No matter where you fell on that spectrum, at Sunday night’s 55th annual Grammy Awards, you will be encouraged not to think about any of it.

She’s expected to stride onto the Staples Center stage to sing alongside Bruno Mars and Sting. He’s expected to be out in the crowd, next to her empty seat, cheering her on. They’re both up for minor trophies, but the biggest news is that they’re officially back together, a decision only an industry that stands to profit from their senseless reunion could smile upon.

“I decided it was more important for me to be happy,” she recently told Rolling Stone. “I wasn’t going to let anybody’s opinion get in the way of that. Even if it’s a mistake, it’s my mistake.”

Starry eyes read that as “owning it,” but either way, she’s profiting from it. She dominates headlines as a superstar who’s sold more singles than any artist of the digital era. So as long as we’re buying her hits at $1.29 apiece, this will continue to feel like our mistake, too.

Because she never appeared to grasp the significance of his brutality.

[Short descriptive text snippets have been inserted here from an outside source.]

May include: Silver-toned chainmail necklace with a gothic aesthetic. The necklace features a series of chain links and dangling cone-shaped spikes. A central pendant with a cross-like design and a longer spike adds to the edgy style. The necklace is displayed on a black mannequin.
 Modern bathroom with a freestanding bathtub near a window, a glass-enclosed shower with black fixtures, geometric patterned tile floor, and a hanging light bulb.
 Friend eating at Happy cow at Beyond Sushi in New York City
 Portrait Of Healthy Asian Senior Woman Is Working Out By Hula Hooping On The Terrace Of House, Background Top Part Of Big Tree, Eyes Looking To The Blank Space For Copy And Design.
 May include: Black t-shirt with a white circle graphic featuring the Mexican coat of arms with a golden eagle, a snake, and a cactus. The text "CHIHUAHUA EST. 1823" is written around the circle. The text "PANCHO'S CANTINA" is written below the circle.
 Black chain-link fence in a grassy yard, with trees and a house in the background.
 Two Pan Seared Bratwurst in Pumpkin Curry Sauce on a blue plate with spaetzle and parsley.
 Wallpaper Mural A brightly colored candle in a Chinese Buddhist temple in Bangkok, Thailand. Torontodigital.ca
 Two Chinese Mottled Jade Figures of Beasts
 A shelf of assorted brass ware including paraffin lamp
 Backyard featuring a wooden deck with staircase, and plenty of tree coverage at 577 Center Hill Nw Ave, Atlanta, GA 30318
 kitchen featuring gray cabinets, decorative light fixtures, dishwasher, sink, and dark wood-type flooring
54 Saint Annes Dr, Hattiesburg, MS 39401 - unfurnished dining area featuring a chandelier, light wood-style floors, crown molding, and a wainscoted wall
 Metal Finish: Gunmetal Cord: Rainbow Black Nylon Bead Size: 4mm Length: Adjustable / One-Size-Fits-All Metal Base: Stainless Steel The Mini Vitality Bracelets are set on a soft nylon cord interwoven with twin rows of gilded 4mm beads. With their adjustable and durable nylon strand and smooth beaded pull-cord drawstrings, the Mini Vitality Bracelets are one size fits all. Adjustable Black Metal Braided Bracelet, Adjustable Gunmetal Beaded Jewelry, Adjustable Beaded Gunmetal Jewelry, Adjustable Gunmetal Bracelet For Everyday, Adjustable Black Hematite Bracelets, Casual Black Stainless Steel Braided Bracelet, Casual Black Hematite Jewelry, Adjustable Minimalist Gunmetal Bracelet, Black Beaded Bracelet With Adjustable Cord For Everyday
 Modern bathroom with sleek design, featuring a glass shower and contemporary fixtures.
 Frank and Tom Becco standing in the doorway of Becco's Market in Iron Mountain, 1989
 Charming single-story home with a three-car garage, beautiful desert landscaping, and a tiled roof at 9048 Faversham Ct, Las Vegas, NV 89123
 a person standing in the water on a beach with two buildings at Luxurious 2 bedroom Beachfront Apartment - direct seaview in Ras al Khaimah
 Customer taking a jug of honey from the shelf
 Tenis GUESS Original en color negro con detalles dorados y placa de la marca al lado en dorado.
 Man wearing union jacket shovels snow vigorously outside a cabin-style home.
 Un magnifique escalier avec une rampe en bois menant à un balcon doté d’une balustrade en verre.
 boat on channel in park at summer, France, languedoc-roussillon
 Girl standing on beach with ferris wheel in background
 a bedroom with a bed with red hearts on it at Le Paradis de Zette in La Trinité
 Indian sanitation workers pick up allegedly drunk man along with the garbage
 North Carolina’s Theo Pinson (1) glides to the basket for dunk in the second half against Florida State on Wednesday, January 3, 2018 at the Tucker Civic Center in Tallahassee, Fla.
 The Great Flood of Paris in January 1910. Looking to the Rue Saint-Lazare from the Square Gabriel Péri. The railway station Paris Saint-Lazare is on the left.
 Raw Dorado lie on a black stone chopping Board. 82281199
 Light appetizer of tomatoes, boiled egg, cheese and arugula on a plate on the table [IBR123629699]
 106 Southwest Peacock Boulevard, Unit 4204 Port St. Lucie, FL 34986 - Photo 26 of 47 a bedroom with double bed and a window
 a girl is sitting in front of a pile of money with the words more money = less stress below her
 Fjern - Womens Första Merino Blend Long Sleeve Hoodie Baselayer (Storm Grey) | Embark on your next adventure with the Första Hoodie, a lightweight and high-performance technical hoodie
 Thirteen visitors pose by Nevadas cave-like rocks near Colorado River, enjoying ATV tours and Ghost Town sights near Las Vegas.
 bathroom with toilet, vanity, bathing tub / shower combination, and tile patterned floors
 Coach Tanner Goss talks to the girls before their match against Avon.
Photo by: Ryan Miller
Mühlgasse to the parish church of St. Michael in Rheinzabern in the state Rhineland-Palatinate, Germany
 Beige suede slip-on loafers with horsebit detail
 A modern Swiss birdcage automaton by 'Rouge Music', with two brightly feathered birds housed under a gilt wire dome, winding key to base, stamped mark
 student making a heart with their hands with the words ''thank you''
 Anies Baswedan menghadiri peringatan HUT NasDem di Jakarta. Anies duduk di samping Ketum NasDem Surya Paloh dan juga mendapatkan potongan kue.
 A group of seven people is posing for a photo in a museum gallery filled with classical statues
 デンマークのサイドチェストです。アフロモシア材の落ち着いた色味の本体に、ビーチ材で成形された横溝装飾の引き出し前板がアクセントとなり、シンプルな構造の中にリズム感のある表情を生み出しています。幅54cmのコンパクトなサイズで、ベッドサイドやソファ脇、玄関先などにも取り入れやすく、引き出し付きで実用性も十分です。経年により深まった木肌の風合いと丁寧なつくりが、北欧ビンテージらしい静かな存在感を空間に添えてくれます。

Because he never came across as truly sorry for it. Because they both know the world keeps them under 24-hour surveillance. Because this entire ordeal seems to feed on our sustained, rapt attention.

And when we feel like we’re doing something wrong, we can stop. We can boycott products, turn off televisions, give up sugar and caffeine. Can’t we do the same here? Ignore them? Would it be rational? Ethical? With any chance of success for them or for us?

Just as their reconciliation refuses the redemptive narrative, it refuses a simple response. But five winters deep, even saying their names feels like complicity.

Grammy night has been a sparkly mile marker in this fog, annually updating millions of couch-sitters on their progress, or lack thereof.

She made a low-key return to the Grammys stage in 2010, dressed in a white, feathery frock, Jay-Z standing by as her tuxedoed guardian. Together they accepted an award for their collaboration “Run This Town.”

In 2011, three months after “What’s My Name?” became her seventh No. 1 single, she performed it at the Grammys, the song’s refrain sounding more like a search for her own identity than bedroom trash talk.